Patrick Maroon was one of the most heartwarming stories in the NHL this season. Signing with the St. Louis Blues on a significant discount, he chose to play closer to his son in his own hometown. His journey, though rocky at times, culminated in a Stanley Cup Championship, the first ever for the team he grew up rooting for.
Now, he’s an unrestricted free agent once again, and the offers are rolling in. He may once again be faced with the choice of taking the most money or staying closer to home. If he chooses the bigger contract this time, no one can hold any ill will toward him. But can the Blues afford to let him walk if the price is too high?
Maroon’s Amazing Season
When Maroon signed his one-year, $1.75 million contract on July 10, 2018, it was seen as the final move in building a highly competitive roster. His size brought a different element to the team, and he was expected to play with fire after not receiving top-dollar offers in free agency.
Whether it was the process of recovering from offseason surgery, the pressure of playing in his hometown, or the general shortcomings of the team around him, Maroon did not get off to a torrid start with the Blues. In fact, he struggled terribly, scoring just 11 points in 31 games through December, registering a minus-14 in that time.
When the season was at its worst, Maroon was the subject of trade rumors, and it appeared that the hometown reunion would end quicker than anyone anticipated. But the team began to turn around. In early January, Jordan Binnington debuted, and the team started to collect win after win. Maroon was a big factor in this, as he found chemistry on the third line with Tyler Bozak and rookie Robert Thomas. From January on, he scored 17 points and was a plus-11.
That group continued its momentum through the playoffs and were on the ice for one of the most memorable moments in Blues’ history, Maroon’s overtime winner in Game 7 of the second round. Without that goal, the Blues would never have won the Stanley Cup. Maroon is indeed a hometown hero.
The Blues’ Young Forwards
Unfortunately for the Blues and Maroon, becoming a hometown hero earns a player a bigger salary cap hit. And there is some question whether the Blues can or will pay that hit. Maroon has earned his pay increase, but the team has several young players they may want to play in his spot. Here are four of the favorites.
Sammy Blais and Zach Sanford
The Blues had two young forwards break out in the playoffs in Zach Sanford and Sammy Blais. Both had seen some playing time in the regular season but really made their case for a permanent roster spot in the postseason.
Then-interim head coach Craig Berube chose Blais to take a spot in Game 6 of the second round when the Blues were facing elimination. Blais did not disappoint, scoring his first career playoff goal and delivering nine hits to the Dallas Stars. He continued to play a hardworking, physical game and never left the lineup again.
Sanford was in the lineup to start the postseason, but quickly lost his spot with lackluster play. Oskar Sundqvist’s suspension for Game 3 of the Stanley Cup Final opened a spot for Sanford to step back in, and he refused to let the opportunity escape him. In the final five games of the playoffs, he had four points, was a plus-five, and connected on 15 hits.
Both players deserve to be in the lineup when the 2019-20 regular season starts, but with Maroon occupying a spot, there won’t be space for them. The Blues might allow Maroon to walk if the price isn’t right, and opt instead for one of these two options.
In addition to several players who made an impact in the playoffs, the Blues have two top prospects who will push for a spot in the forward corps. Jordan Kyrou was drafted in the second round of the 2016 Draft and has had a meteoric rise to the top of prospect boards ever since.

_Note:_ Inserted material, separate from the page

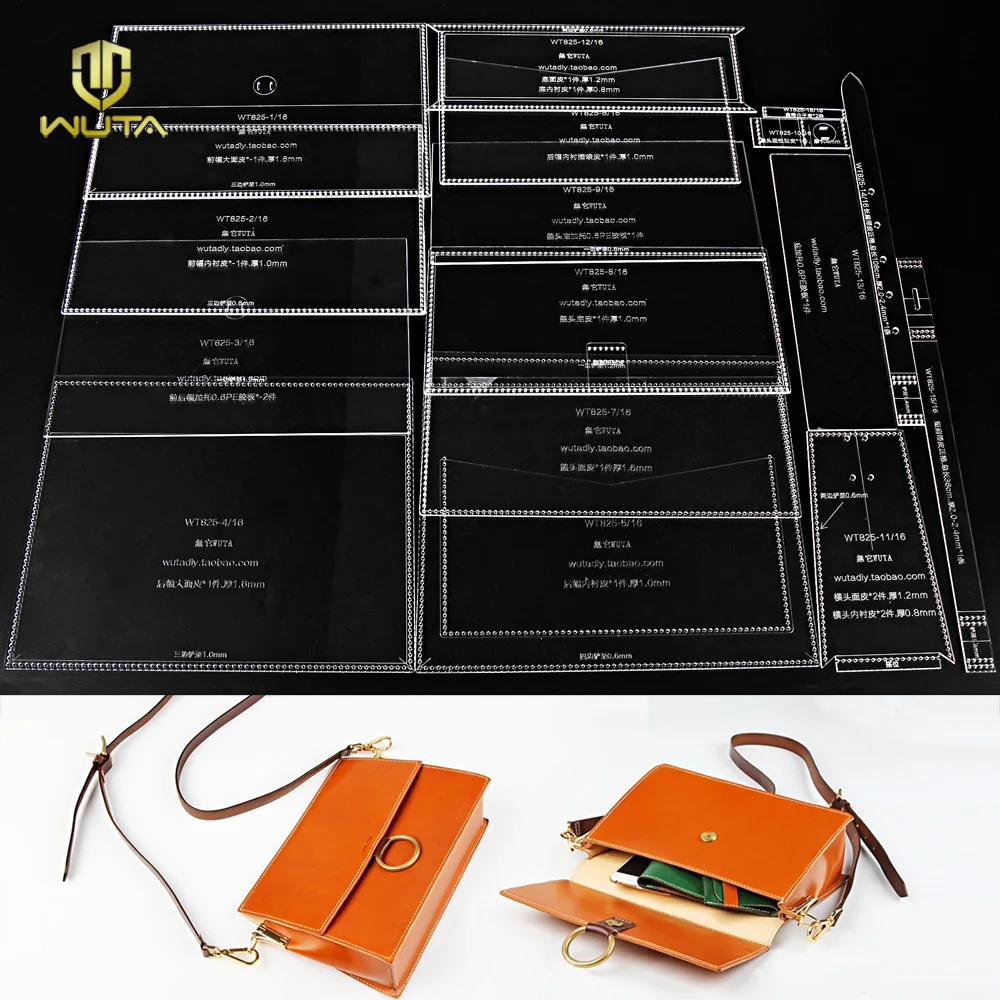 

WUTA 825 акриловый шаблон кожаный Узор Набор кожевенное Ремесло модель для DIY женская сумка-мессенджер дамская сумка через плечо ручная работа подарок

Kyrou struggled to establish himself in scattered playing time in the NHL last season. But he was almost a point per game player in the American Hockey League with the San Antonio Rampage. He has little left to prove at that level, and his speed and skill would be a huge addition to the Blues’ offense. If Maroon remains, it’s difficult to see an obvious place for him.
Klim Kostin is also a top prospect, though he may not be immediately prepared for an NHL spot at the start of the season. Still, many fans in St. Louis are eager to see the Russian, who was drafted in the first round of 2017.
Kostin has been improving his game as an under-ager in the AHL ever since, and he’s close to ready for the NHL. Even if he isn’t ready at the start of the season, the more flexibility the Blues have, the more chance there might be for him to receive a call up.
Can the Blues Lose Maroon?
There is no question that the public sentiment amongst fans is in favor of the Blues retaining Maroon. But fans cannot know what the market for their winger is.
If Maroon’s price is too high for the Blues to reasonably retain (they have roughly $15 million and seven restricted free agents), they certainly have plenty of options to replace him. It may not be anyone’s favorite choice, but if it comes down to it, the Blues can afford to lose Maroon.